For a good primer on TypeScript Generics, I would recommend Ross Bulat’s post on TypeScript Generics. To summarize, Generics allows us to put in placeholders for types, which lets those types be defined later on.

Let’s start with what we do know about the type of the promiseFn and the return type. We know they are both functions that return a Promise, so let’s add that in now:

function withTimeout(promiseFn: () => Promise, opts?: Options): () => Promise {

Both of our Promises need a type, which we don’t know in advance. This is a great time to add a Generic:

function withTimeout<T>(
  promiseFn: () => Promise<T>,
  opts?: Options
): () => Promise<T> {

In the above code, we set a placeholder T to stand in for whatever the type might be. And then, we are using it in our type definitions for our PromiseFn and return type.
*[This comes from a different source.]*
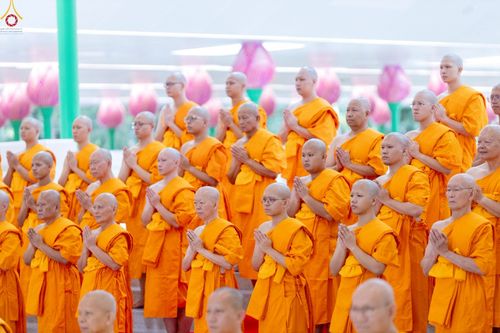 ภาพ No.229190:วันเสาร์ที่ 14 มิถุนายน พ.ศ. 2568 พิธีบรรพชา , พิธีถวายบาตร , พิธีอุปสมบท ในโครงการบรรพชาอุปสมบทหมู่ ผู้บริหารรุ่นที่ 15 และ อุดมศึกษา รุ่นที่ 52 ณ โบสถ์พระไตรปิฎก วัดพระธรรมกาย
Then we can use it like this:

const getUserWithTimeout = withTimeout<UserType>(getUser);

In the above code, we are setting the function's return type to be Promise<UserType> simply by defining the type between the two angle brackets when we call the function.
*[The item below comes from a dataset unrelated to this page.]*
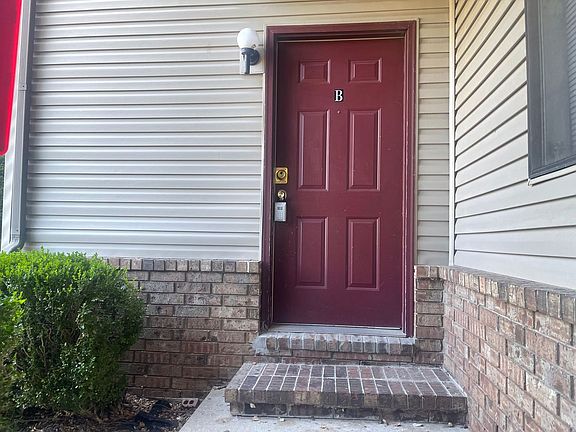 2nd image of 1611-1627 W Woodland St #1611B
In a way, we can think of generics like arguments to a function that can be passed in. Just like arguments in a function, we can also set default types, like this:

function withTimeout<T = void>(
  promiseFn: () => Promise<T>,
  opts?: Options
): () => Promise<T> {

Now the return type will default to void if none is provided.

This is great, but we are still missing the types for the arguments of the function. We can define more than one generic like this:

function withTimeout<K, T = void>(

We don’t know how many values, if any, that the function will take. So how do we type it? Remember how we used the rest operator, ... to bundle all the arguments into an array called args? That array is an array of unknown values, which can be typed as Array<unknown>. With that background, we can type our arguments like this:

function withTimeout<K extends Array<unknown>, T = void>(
  promiseFn: (...args: K) => Promise<T>,
  opts?: Options
): (...args: K) => Promise<T> {

In the above code, we are saying that K can be any type as long as the type can extend Array<unknown>. Since an array of any type can extend an Array<unknown>, this will enforce that K must be an array. Then we define args as being of type K in both the promiseFn type and the return type.
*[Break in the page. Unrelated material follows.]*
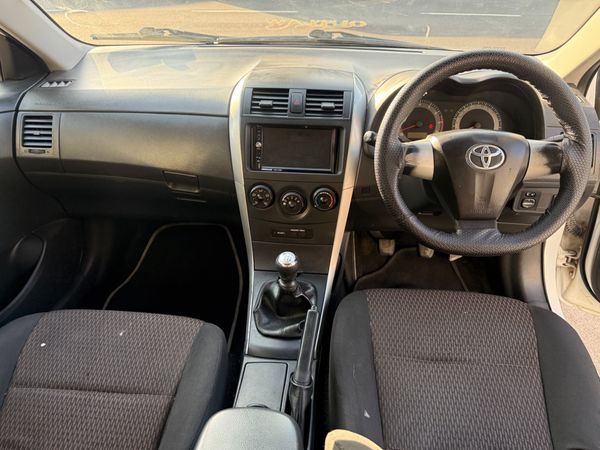 2017-Toyota-Corolla-16-Esteem image:5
(I would like to point out that you could refactor the promiseFn and the return type into a single type. However, in this case, I feel that would be too much indirection, and the types are very legible as in their current state)

Now we can call our function like this:

const getUserWithTimeout = withTimeout<\[UserId\],UserType>(getUser)

This means that withTimeout will take and return function with a single argument that is of type userId and will return a Promise<UserType>.

Now everything is working correctly, but there is one more awesome thing left. TypeScript is pretty good at inferring types. This means that we actually don’t have to pass any types in at all, and Typescript will be able to infer the types directly

Let’s recall the above function, this time without declaring the types first:

const getUserWithTimeout = withTimeout(getUser);

Our code is still simple to use like Vanilla JS, but has all the type safety that TypesScript gives us.

The Final Version

Here is the final version of the the withTimeout function with all the types:

Generics gives our Typescript a superpower. Allowing us to maintain a level of dynamism while still gives us that confidence of type safety. If you haven’t already, I would recommend you try it out and see what problems it solves for you.